*Task details*.
Beneath this instruction is a listing. Transcribe from it only the stretch from the line with "Art Deco Diamond" through the line with "Abri de Jardin", both end lines included, exactly as written.

*Exercise data*.
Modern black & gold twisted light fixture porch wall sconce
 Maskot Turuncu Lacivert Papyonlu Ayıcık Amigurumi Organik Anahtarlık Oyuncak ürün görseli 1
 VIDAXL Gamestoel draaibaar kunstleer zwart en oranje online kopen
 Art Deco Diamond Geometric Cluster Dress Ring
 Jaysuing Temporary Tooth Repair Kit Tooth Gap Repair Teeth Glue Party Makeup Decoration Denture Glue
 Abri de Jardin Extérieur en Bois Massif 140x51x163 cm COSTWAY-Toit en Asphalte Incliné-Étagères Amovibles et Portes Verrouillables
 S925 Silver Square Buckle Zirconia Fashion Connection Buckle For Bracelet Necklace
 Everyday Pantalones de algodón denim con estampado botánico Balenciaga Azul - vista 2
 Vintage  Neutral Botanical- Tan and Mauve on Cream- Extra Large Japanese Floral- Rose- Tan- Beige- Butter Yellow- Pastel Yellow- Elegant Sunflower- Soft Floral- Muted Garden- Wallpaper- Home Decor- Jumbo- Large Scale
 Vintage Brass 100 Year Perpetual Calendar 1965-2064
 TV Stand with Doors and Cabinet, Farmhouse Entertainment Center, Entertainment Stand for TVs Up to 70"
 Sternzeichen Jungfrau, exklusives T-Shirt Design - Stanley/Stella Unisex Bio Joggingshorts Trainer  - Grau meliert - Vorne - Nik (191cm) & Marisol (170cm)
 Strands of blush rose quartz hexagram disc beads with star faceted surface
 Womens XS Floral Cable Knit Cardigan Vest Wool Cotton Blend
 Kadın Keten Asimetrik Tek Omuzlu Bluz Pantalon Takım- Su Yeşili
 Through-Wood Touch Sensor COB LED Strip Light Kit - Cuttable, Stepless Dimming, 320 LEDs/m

*Answer to the problem*.
 Art Deco Diamond Geometric Cluster Dress Ring
 Jaysuing Temporary Tooth Repair Kit Tooth Gap Repair Teeth Glue Party Makeup Decoration Denture Glue
 Abri de Jardin Extérieur en Bois Massif 140x51x163 cm COSTWAY-Toit en Asphalte Incliné-Étagères Amovibles et Portes Verrouillables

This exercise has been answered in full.